*Directions*.
Your answer must be an exact copy of the lines below, from the first through the one with "Honda parts list cf50 - cf70, cf", with no pictures.

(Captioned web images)
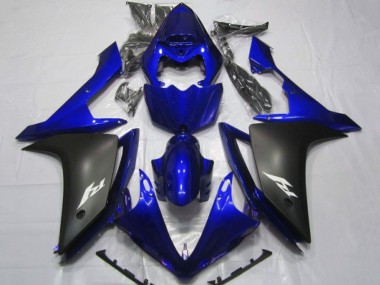 Cheap 2007-2008 Yamaha YZF 1000 R1 Motorcycle Fairings - Blue Matte Black Canada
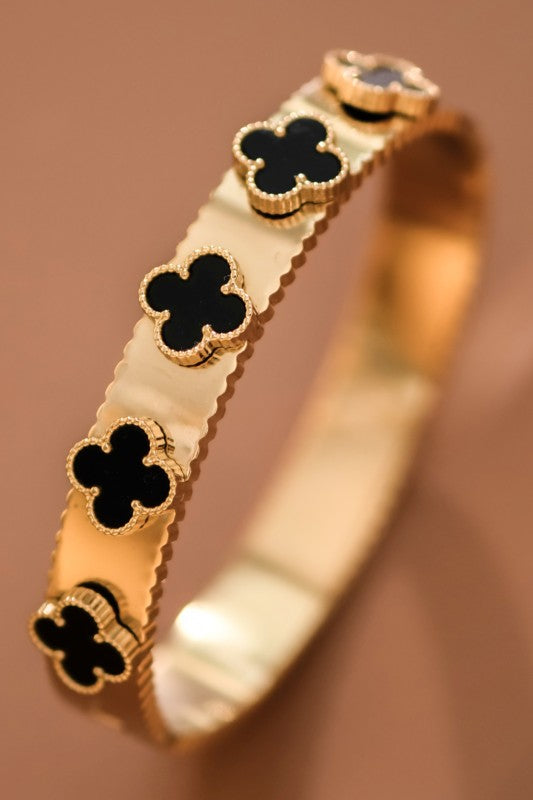 18k Waterproof Non-tarnish Stainless Steel Bangle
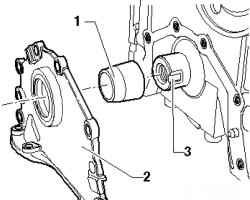 Installation of a sealing flange with oil seal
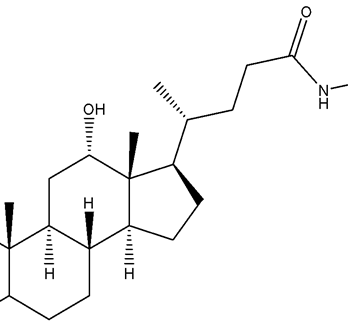 Chemical structure of Sodium Glycodeoxycholate | 16409-34-0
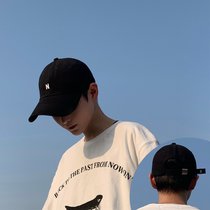 棒球帽男帽子百搭ins潮牌遮阳透气鸭舌帽男士潮新款时尚夏四季款(M514-双N黑色 默认尺码)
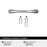 Vaile Zinc Satin Nickel Cabinet Pull 9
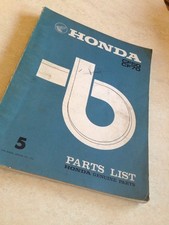 Honda parts list cf50 - cf70, cf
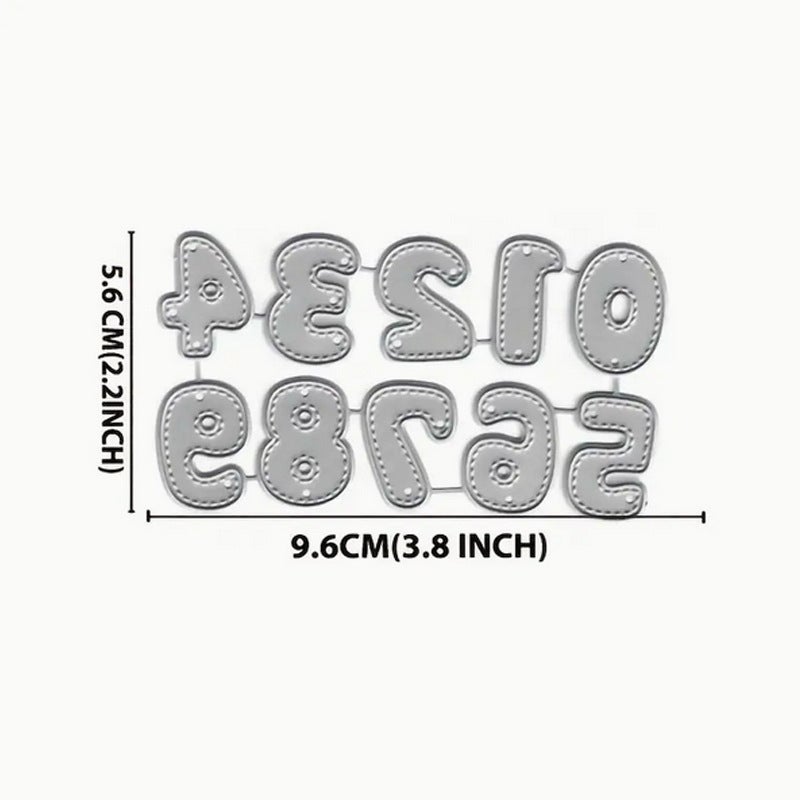 Carbon Steel Cutting Dies 97x55mm Silver Precise Mini Numbers - Sharp Durable Steel Die No-Rust Clean Cuts for Scrapbooking and Cardmaking - Image 2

*Exercise response*.
 Cheap 2007-2008 Yamaha YZF 1000 R1 Motorcycle Fairings - Blue Matte Black Canada
 18k Waterproof Non-tarnish Stainless Steel Bangle
 Installation of a sealing flange with oil seal
 Chemical structure of Sodium Glycodeoxycholate | 16409-34-0
 棒球帽男帽子百搭ins潮牌遮阳透气鸭舌帽男士潮新款时尚夏四季款(M514-双N黑色 默认尺码)
 Vaile Zinc Satin Nickel Cabinet Pull 9
 Honda parts list cf50 - cf70, cf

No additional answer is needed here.